Segment Start: TASK INPUT
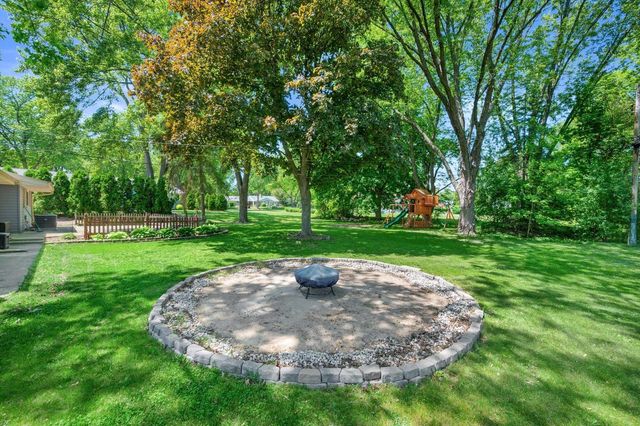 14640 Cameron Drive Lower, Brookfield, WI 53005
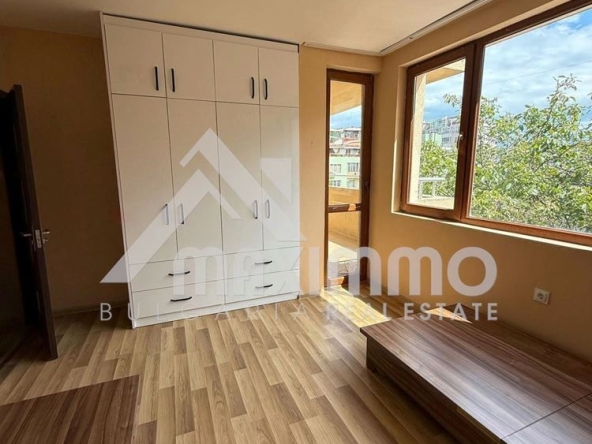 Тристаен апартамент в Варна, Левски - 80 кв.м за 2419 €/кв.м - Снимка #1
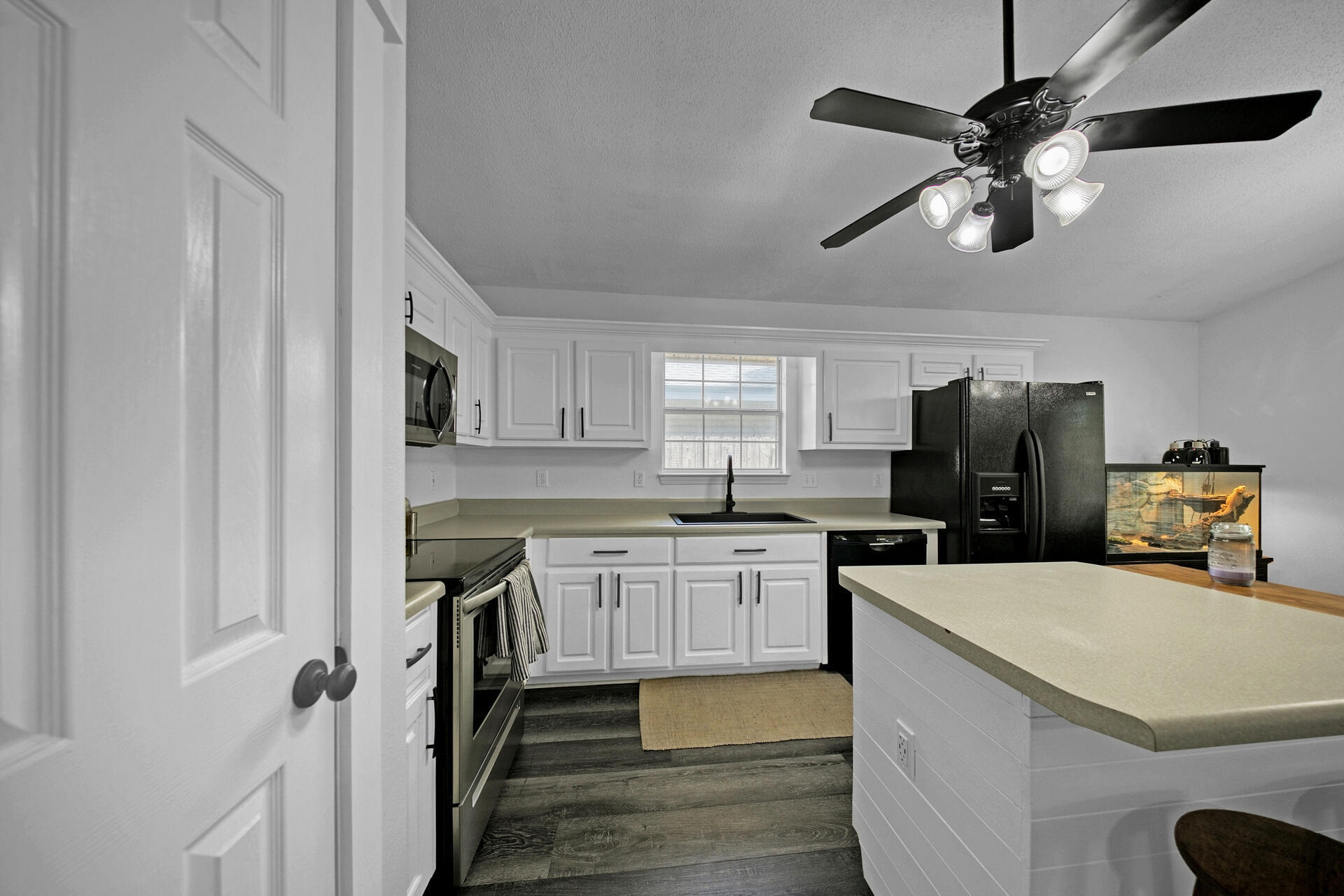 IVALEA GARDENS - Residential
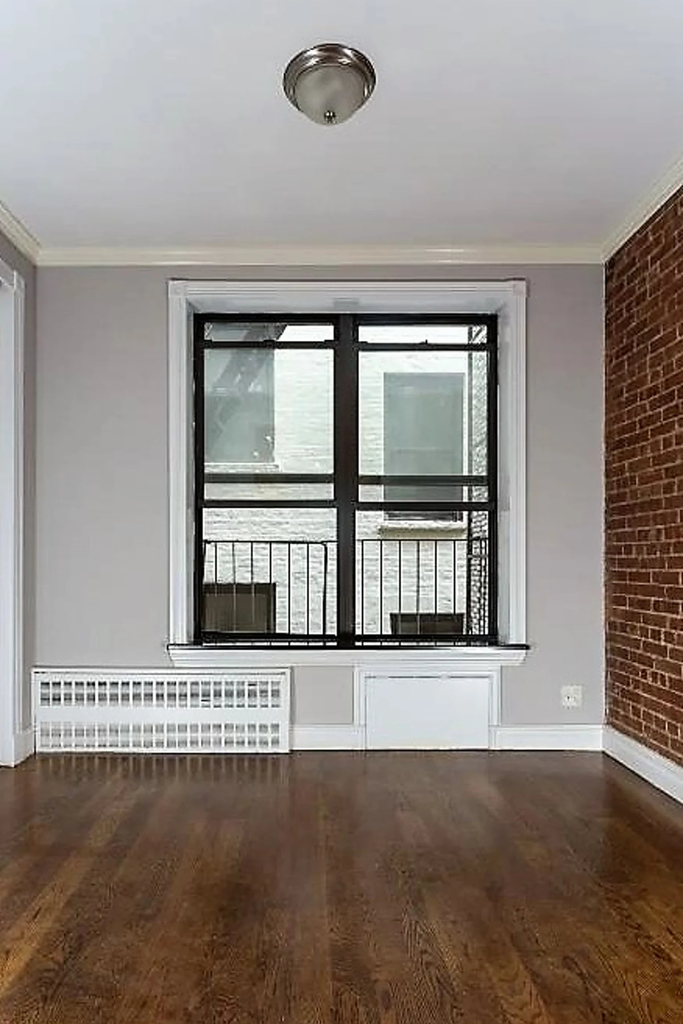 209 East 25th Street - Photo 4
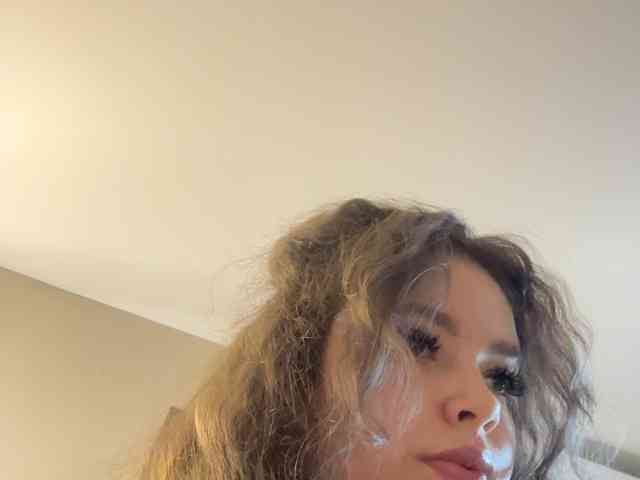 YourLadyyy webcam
Segment End: TASK INPUT
WHAT YOU WILL DO: Please repeat the data verbatim and leave the pictures out of your copy.

PROBLEM SOLUTION:
 14640 Cameron Drive Lower, Brookfield, WI 53005
 Тристаен апартамент в Варна, Левски - 80 кв.м за 2419 €/кв.м - Снимка #1
 IVALEA GARDENS - Residential
 209 East 25th Street - Photo 4
 YourLadyyy webcam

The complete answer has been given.